Between 2018 and 2020, Lake Ridge School Corp., the School City of Hammond and West Lafayette Community School Corp. each closed public school buildings in their respective communities.
None of the school corporations wanted to part with the vacant buildings despite being required to do so per Indiana statutes that require school corporations to make a closed public school building available for sale or lease to any interested charter school or state educational institution for $1.
If no interest is expressed, then the governing body may otherwise dispose of the building in accordance with Indiana law.
Lake Ridge and Hammond eventually sued the Indiana governor and attorney general in their official capacities, as well as the Indiana State Board of Education and the Indiana Department of Education, alleging the statutes violate the takings clauses of the Fifth Amendment to the United States Constitution and Article 1, Section 21 of the Indiana Constitution.
West Lafayette intervened in that case after previously suing the state over a vacant elementary school building that had closed in 2018.

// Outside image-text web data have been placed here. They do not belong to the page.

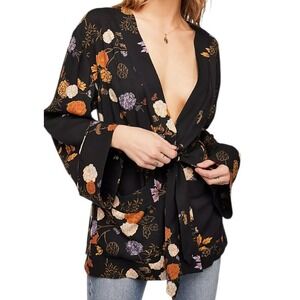 Free People Fairygrunge Womens size Medium Floral Kimono Jacket Wrap Loungewear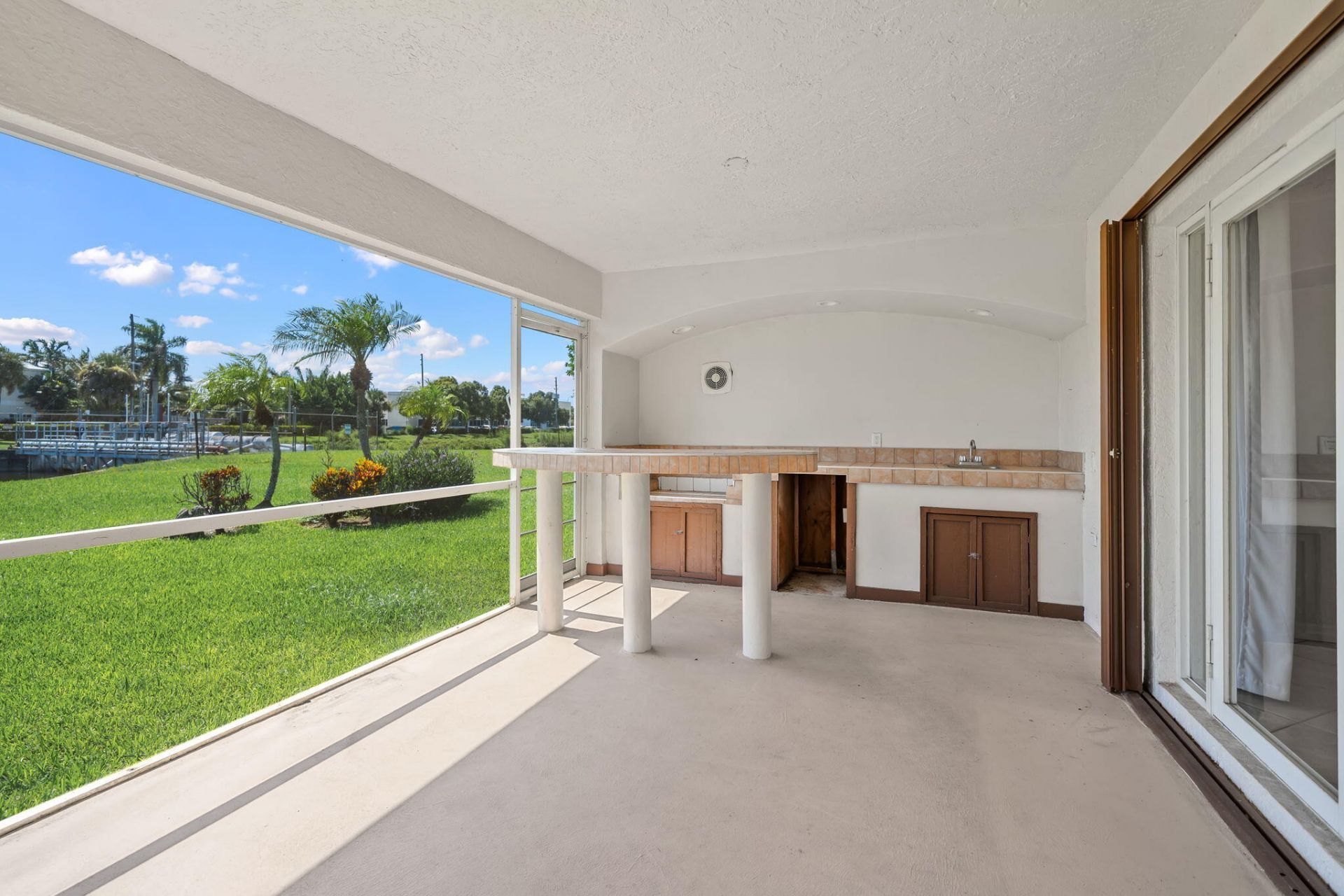111 Meadow Woode Drive, Royal Palm Beach, FL 33411 Photo
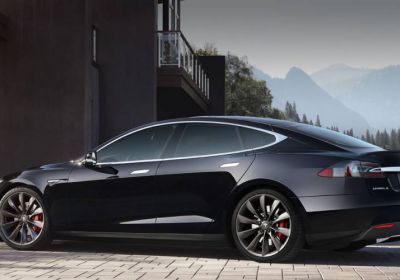 Tesla začne nabízet více dostupnějších vozů. Prozatím jde však jen o ojetiny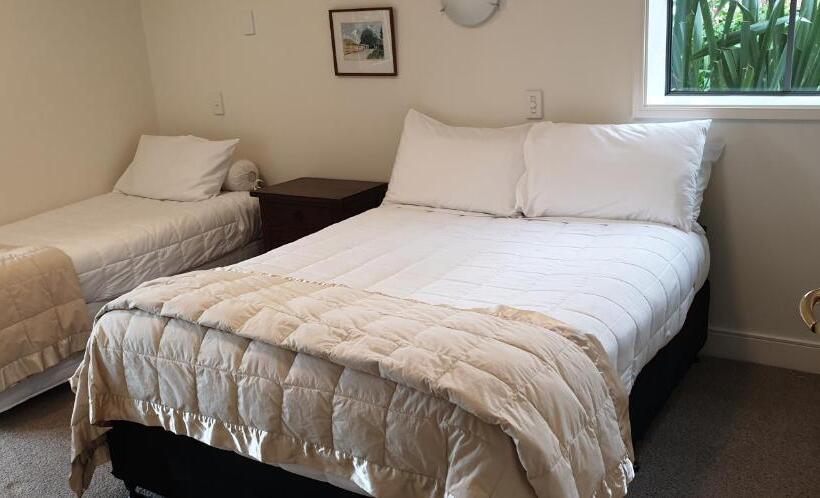 דירת חדר דלוקס, Akaroa Village Inn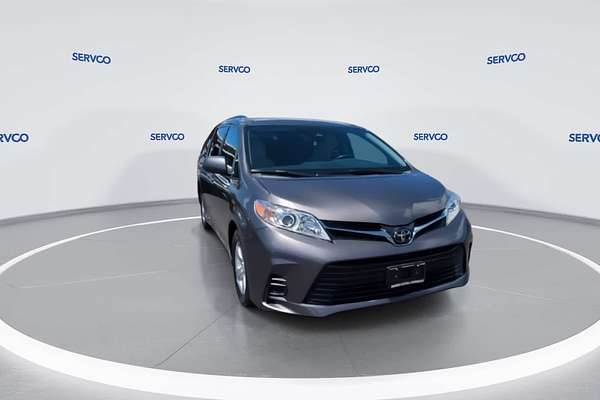 2019 Toyota SIENNA LE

At the time of West Lafayette’s suit, the vacant building at issue was being used as a city hall for West Lafayette for $1.5 million, according to The Associated Press.
Unlike Lake Ridge and Hammond, West Lafayette did notify the Department of Education of the school’s closing, but no charter school or state educational institution had expressed interest in the building.
The school corporations collectively sought declaratory and injunctive relief from the state parties, while the state argued in part that the school corporations could not assert takings claims against it.
The Lake Superior Court ultimately granted the state’s motion for summary judgment, ruling that the statutes do not constitute a taking without just compensation in violation of the state or federal constitution.
In affirming the trial court, the Court of Appeals concluded that the school corporations, as political subdivisions, could not sue the state under the takings clauses because “the U.S. Supreme Court has long held that the Takings Clause has no role to play in intragovernmental disputes between a State and one of its agencies or political subdivisions.”